WHAT THE TASK REQUIRES:
All of the data should be repeated exactly; pictures are not part of the copy.

SUPPLIED INFORMATION:
Content starts
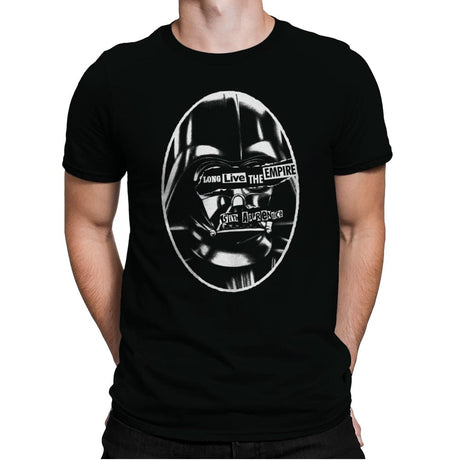 Long Live The Empire - Mens Premium T-Shirts RIPT Apparel Small / Black
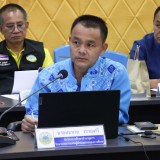 ประชุมเพื่อหารือแนวทางโครงการจัดงานประเพณีลอยกระทงตำบลสันทราย ประจำปี ๒๕๖๘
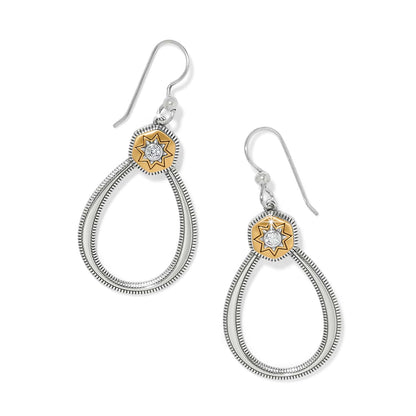 Mosaic Nova French Wire Earrings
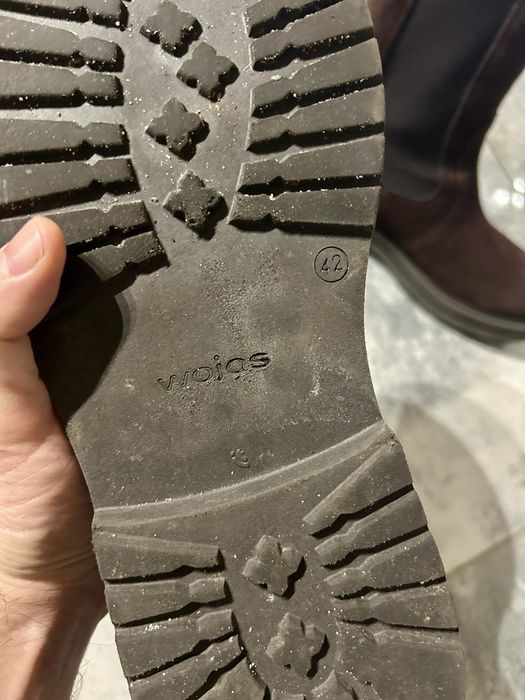 Botki Wojas buty męskie skórzane 42 wkładka 27cm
Content ends
SOLUTION FOR THIS TASK:
 Long Live The Empire - Mens Premium T-Shirts RIPT Apparel Small / Black
 ประชุมเพื่อหารือแนวทางโครงการจัดงานประเพณีลอยกระทงตำบลสันทราย ประจำปี ๒๕๖๘
 Mosaic Nova French Wire Earrings
 Botki Wojas buty męskie skórzane 42 wkładka 27cm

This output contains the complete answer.